Dear Product Manager,

Before anything else: thank you.

The work you do, aligning stakeholders, maintaining a relationship with users, finding new opportunities and communicating them is rarely easy and often invisible. It’s the kind of effort that can be underestimated from the outside. But we see it. And we respect it.

As product engineers, we’re sharing the manifesto not as a critique of your role, but as a challenge to ourselves. We want to step up. Not just write the code, but understand the customer. Not just deliver features, but take responsibility for outcomes.

Still, we know that can come across the wrong way. The things we post: the manifesto, the bold claims, the challenges to not blindly follow roadmaps created by PMs can read like they’re aimed at you. But the truth is, we’re mostly talking to ourselves. Encouraging each other to break old habits and move beyond being passive implementers.

We want to be useful upstream. We want to sharpen the problem definition. Bring context from past experiments. Understand your goals and constraints. Help shape what we’re building before it’s locked in. Not because we think we know better—but because we care deeply about getting it right.

However, one of the realities we often see is that having a "manager" title can sometimes create an implicit hierarchy within the team. This can unintentionally lead to a dynamic where engineers are seen primarily as executors of specifications, rather than as creative contributors to the product vision.

The manifesto isn't about diminishing the importance of product management or suggesting that engineers should take over your role.

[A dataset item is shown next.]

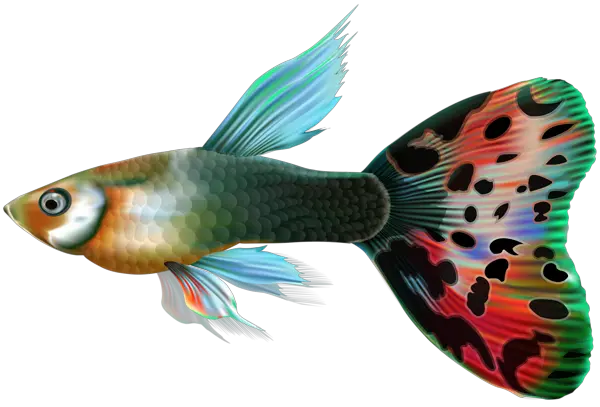 Christian Fish Png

Rather, it's about fostering a space where engineers can engage more deeply with the product vision, contribute ideas, and help bring even more innovative solutions to life. We see this as a way to strengthen our collaboration, not replace it.

So don’t let us off the hook. Treat us as peers. Hold us accountable when we overstep or get lost in abstraction. And when we ask questions “What’s the problem? For who? Why now?” see it for what it is: a desire to think with you, not just follow.

Product engineering is a team sport. We’re here to play it with you.